Di Marco M P, Wainer I W, Granvil C L, Batist G, Ducharme M P
Faculté de Pharmacie, Université de Montréal, Canada.
Pharm Res. 2000 Jun;17(6):645-52. doi: 10.1023/a:1007561727948.
To describe the pharmacokinetics of R- and S-Ifosfamide (IFF), and their respective 2 and 3 N-dechloroethylated (DCE) metabolites (R2-, R3-, S2, S3-DCE-IFF) in cancer patients.
(R,S)-IFF was administered (1.5 g/m2) daily for 5 days in 13 cancer patients. Plasma and urine samples were collected and analyzed using an enantioselective GC-MS method. An average of 97 observations per patient were simultaneously fitted using a pharmacokinetic-metabolism (PK-MB) model. A population PK analysis was performed using an iterative 2-stage method (IT2S).

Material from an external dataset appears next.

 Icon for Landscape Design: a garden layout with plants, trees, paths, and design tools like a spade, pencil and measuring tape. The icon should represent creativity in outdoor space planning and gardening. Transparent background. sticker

Auto-induction of IFF metabolism was observed over the 5 day period. Increases were seen in IFF clearance (R: 4 vs. 7 L/h; S: 5 vs. 10 L/h), and in the formation of DCE (R: 7 vs. 9%; S: 14 vs. 19%) and active metabolites (4-OHM-IFF; R: 71 vs. 77%; S: 67 vs. 71%). A novel finding of this analysis was that the renal excretion of the DCE metabolites was also induced.
This population PK-MB model for (R,S)-IFF may be useful in the optimization of patient care, and gives new insight into the metabolism of (R,S)-IFF.